Des nobles vinrent demander des audiences. La nouvelle qu'il était réveillé se propagea vite, et bientôt même les princes envoyèrent leurs noms, demandant à le rencontrer. Kai les renvoya tous. Il n'avait pas de temps pour les courtoisies, pas maintenant. Le duel avait déjà prouvé sa force ; ce dont il avait besoin maintenant, c'était de clarté d'esprit.
Et pourtant, la confiance ne venait pas facilement.
Il avait déjà une bonne idée de ce qui se déroulerait à l'Assemblée — Francis et le duc Blackwood s'en étaient assurés — mais la confiance en la stratégie n'était pas la même que la confiance dans la parole. Il pouvait affronter sorts et acier sans hésiter, mais les mots étaient un autre champ de bataille. Il ne doutait plus de son pouvoir, mais se tenir devant l'Assemblée, avec les yeux de chaque noble fixés sur lui, il savait que les nerfs viendraient. Il voulait plus que survivre à cette scène. Il voulait en sortir victorieux.
Il y avait aussi autre chose qui pesait sur lui. Quelque chose qui mettait même le duc Blackwood mal à l'aise quand on l'évoquait.
Cela traînait dans un coin de l'esprit de Kai depuis longtemps, plus lourd que son poids physique.

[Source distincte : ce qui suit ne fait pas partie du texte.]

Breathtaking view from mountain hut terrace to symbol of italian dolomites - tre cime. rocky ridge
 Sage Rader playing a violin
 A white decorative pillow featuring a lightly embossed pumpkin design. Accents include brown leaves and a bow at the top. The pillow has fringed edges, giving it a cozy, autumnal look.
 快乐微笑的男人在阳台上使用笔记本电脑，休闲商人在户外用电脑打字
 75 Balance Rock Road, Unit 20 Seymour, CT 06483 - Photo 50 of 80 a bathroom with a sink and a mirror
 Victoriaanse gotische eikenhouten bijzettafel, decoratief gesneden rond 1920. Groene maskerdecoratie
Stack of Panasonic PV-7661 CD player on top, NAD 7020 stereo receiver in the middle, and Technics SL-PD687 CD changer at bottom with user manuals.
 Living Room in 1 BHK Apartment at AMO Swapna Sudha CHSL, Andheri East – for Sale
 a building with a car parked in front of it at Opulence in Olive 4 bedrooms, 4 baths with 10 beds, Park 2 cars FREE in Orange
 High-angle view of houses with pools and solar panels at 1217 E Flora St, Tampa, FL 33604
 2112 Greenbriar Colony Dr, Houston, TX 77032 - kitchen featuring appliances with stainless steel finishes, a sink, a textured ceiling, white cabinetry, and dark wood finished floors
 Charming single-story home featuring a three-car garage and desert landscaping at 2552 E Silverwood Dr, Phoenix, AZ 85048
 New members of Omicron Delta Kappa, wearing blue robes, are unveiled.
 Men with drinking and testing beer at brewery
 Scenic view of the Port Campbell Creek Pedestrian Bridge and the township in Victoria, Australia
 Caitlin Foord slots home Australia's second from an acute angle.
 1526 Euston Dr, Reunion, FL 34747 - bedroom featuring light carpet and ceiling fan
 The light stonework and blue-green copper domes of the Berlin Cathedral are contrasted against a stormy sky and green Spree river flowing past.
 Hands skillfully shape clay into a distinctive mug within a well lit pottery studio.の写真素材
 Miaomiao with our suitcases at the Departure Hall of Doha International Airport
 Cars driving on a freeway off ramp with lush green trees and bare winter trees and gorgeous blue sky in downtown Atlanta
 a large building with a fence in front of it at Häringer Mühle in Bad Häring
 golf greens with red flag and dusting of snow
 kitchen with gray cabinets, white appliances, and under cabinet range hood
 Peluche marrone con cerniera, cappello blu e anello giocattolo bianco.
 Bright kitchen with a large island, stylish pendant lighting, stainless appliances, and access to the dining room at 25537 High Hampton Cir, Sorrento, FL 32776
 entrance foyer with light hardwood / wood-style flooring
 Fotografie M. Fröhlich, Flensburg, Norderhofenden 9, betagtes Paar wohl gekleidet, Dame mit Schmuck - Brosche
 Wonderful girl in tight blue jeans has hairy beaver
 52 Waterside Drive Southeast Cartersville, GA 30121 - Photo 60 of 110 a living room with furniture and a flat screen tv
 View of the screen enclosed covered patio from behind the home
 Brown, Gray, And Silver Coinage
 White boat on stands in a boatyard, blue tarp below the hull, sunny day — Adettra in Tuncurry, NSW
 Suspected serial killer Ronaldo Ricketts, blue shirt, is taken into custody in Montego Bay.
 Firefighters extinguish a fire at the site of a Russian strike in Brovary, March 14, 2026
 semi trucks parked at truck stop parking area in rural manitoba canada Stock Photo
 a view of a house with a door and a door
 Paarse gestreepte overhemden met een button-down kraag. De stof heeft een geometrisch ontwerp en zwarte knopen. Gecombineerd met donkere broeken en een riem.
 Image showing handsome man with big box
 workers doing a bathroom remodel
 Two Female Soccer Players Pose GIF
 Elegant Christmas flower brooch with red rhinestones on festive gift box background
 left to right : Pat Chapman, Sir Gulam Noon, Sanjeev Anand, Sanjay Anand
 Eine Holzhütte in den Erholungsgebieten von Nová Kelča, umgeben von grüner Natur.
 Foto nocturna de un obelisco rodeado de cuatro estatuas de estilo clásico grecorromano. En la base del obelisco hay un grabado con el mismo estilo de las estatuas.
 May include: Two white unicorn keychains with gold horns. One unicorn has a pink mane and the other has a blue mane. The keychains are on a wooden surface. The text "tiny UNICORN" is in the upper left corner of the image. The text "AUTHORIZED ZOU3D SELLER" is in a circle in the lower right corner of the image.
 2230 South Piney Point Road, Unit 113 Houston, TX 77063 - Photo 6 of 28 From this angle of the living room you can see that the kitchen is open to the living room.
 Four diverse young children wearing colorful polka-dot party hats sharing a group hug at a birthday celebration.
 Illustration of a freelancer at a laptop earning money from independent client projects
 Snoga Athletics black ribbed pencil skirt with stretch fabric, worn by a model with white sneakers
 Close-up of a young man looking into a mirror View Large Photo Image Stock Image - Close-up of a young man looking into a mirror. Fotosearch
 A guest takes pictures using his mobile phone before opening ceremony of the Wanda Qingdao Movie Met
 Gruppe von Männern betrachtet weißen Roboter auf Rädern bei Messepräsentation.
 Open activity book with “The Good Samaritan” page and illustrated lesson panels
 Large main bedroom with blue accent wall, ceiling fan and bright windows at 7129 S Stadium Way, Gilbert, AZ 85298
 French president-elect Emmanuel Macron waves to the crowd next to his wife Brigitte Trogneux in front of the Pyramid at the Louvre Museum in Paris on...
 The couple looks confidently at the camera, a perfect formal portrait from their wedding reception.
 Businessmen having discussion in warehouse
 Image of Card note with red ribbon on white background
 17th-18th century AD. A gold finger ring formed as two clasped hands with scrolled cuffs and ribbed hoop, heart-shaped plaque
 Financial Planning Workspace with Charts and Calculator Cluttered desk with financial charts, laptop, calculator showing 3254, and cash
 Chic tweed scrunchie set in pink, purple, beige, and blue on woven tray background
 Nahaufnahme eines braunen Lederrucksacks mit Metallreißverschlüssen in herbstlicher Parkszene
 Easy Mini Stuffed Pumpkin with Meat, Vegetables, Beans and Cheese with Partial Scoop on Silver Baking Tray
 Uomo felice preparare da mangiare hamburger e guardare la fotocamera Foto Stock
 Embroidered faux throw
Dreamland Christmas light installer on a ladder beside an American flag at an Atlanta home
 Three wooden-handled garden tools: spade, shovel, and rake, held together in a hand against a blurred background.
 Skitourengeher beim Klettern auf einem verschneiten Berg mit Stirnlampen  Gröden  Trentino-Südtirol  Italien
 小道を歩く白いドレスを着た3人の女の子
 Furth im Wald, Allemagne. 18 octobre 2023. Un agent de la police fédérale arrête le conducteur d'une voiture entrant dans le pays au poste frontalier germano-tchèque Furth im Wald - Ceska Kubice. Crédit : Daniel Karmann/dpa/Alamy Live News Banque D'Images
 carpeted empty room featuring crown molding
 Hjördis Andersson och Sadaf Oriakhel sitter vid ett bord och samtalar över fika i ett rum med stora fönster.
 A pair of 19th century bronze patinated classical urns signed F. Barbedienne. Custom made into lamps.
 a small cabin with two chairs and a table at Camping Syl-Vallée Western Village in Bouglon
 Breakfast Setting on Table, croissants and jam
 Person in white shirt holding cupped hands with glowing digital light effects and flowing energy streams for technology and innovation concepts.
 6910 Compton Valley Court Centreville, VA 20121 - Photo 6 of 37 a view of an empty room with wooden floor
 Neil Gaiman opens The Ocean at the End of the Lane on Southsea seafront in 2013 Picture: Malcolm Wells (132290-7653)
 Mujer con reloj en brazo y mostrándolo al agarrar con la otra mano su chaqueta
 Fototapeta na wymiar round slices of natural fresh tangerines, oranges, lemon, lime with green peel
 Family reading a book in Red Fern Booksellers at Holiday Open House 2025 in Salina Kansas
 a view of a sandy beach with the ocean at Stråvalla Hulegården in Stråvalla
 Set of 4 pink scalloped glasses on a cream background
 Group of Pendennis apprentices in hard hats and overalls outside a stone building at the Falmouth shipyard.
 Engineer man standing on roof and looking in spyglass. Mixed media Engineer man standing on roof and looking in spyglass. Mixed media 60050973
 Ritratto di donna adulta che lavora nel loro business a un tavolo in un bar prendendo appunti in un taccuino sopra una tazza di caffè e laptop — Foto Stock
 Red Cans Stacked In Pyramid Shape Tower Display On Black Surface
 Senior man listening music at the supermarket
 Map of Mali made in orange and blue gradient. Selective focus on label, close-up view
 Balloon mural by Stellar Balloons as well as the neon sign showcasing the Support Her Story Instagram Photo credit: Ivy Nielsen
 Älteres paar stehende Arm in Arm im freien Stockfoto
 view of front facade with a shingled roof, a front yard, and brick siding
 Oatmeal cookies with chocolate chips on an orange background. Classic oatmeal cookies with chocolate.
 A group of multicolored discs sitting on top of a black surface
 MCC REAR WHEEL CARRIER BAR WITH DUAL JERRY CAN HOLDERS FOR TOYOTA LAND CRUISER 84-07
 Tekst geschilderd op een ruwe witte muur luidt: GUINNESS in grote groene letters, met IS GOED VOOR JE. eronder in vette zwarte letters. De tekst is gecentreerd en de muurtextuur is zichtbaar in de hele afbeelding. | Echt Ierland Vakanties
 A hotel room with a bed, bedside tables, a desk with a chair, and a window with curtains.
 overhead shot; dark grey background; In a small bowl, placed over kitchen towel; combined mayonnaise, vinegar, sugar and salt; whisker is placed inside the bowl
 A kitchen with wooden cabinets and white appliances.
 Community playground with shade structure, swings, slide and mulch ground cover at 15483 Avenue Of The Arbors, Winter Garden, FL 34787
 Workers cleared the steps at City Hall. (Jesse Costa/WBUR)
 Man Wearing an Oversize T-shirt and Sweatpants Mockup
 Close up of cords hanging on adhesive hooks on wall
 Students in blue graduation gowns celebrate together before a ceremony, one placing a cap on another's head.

Après ses conversations avec le duc Blackwood — et avec le roi Sullivan lui-même — son importance n'avait fait que grandir, jusqu'à devenir sa principale préoccupation. L'Assemblée était l'endroit parfait pour l'utiliser, et peut-être la seule chance qu'il aurait.
Cette pensée s'ancra profondément en lui. Plus l'Assemblée approchait, plus il devenait clair qu'il ne la laisserait pas de côté. Quoi qu'il arrive demain, d'une façon ou d'une autre, le pouvoir et la signification du médaillon seraient tirés au grand jour.
Et quoi qu'il arrive dans cette salle, Kai savait que ce ne serait pas une mince affaire.
L'Assemblée changerait le royaume. Peut-être pour des années. Peut-être pour toujours.